Release of XMLmind Word To XML v1.3

What is XMLmind Word To XML?

XMLmind Word To XML can automatically convert DOCX files to:

  • Clean, styled, valid HTML (single page or multi-page HTML, Web Help, EPUB) looking very much like the source DOCX file.
  • Unstyled, structured, valid DITA bookmap, map, topic, DocBook, XHTML (single page or multi-page XHTML, Web Help, EPUB) or XML conforming to your custom schema.

Download: http://www.xmlmind.com/w2x/download.shtml

Free online DOCX conversion services: http://www.xmlmind.com/w2x/online_w2x.html

Enhancements:

  • Upgraded XMLmind Web Help Compiler (whc for short) to version 2.0, which supports 2 layouts for the generated Web Help: classic, the default layout and simple, a new layout. When generating Web Help, pass w2x option -p webhelp.wh-layout simple to give it a try.
  • Setup assistant of w2x-app:
    • Added a "Layout of the generated Web Help" combobox to the "Output format options" screen when the chosen output format is Web Help. This combobox makes it easy choosing between the classic and simple layouts.
    • The dialog box allowing to add or modify an entry of the MS-Word style to XML element map now displays the localized name of a style (e.g. "Definition Char") next to the w2x name of this style (e.g. "c-DefinitionChar").

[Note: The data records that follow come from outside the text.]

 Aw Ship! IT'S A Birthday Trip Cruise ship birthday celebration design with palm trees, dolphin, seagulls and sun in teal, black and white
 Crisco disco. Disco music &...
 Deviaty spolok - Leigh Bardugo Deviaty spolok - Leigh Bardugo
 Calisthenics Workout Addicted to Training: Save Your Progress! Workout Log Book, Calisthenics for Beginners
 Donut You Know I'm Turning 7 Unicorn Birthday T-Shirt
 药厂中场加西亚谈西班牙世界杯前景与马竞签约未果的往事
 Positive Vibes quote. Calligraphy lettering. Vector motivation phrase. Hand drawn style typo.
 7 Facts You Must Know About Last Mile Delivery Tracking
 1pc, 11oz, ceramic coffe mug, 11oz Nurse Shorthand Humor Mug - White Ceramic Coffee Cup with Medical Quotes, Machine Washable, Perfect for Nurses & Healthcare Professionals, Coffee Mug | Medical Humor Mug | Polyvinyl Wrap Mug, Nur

This is really needed when you give for example Japanese names to your custom MS-Word styles.
  • Parameter edit.remove-styles.preserved-classes now accepts class patterns as well as class names. For example, specify -p edit.remove-styles.preserved-classes "^(t|(tr)|(tc)|(tp)|p|(pn)|n|c)-.+$" if you want to preserve in the semantic XHTML the class names corresponding to all the CSS styles generated during the Convert step.
  • Hidden text runs (<w:vanish/>) are now converted to <span style="display:none">. When generating semantic XML, these invisible span elements are then discarded.
  • “Word To XML” servlet: added an optional params servlet parameter which allows to augment or to override some of the options of the conversion specified by the conv servlet parameter. Example:
    curl -s -S -o manual.epub \
      -F "docx=@manual.docx;type=application/vnd.openxmlformats-officedocument.wordprocessingml.document" \
      -F "conv=epub" \
      -F "params=-p epub.identifier urn:x-mlmind:w2x:manual -p epub.split-before-level 8" \
      http://localhost:8080/w2x/convert
  • XMLmind Word To XML is now available as a macOS X native .dmg distribution including a private Java™ 1.8.0_152 runtime.
  • All programs which are part of XMLmind Word To XML are now officially supported on macOS High Sierra (version 10.13).

Bug fixes:

  • When a table was inserted inside a sequence of paragraphs having the same border, the conversion to styled XHTML (and to all output formats based on styled XHTML, like EPUB) failed with the following error message: error in action "group": missing attribute "g:container" for element .../html:p[NN].
  • When generating semantic XHTML, for some rare cases, class name role-bridgeheadI was added to li elements.
  • Field codes like "XE" (index entry) were not normalized to upper-case. For example, this bug could cause some index entries to be missing in the generated semantic XML.
  • It was not possible to use built-in image converter factory com.xmlmind.w2x_ext.emf2png.EMF2PNG to convert WMF to PNG despite the fact that this factory supports the WMF format in addition to the EMF format.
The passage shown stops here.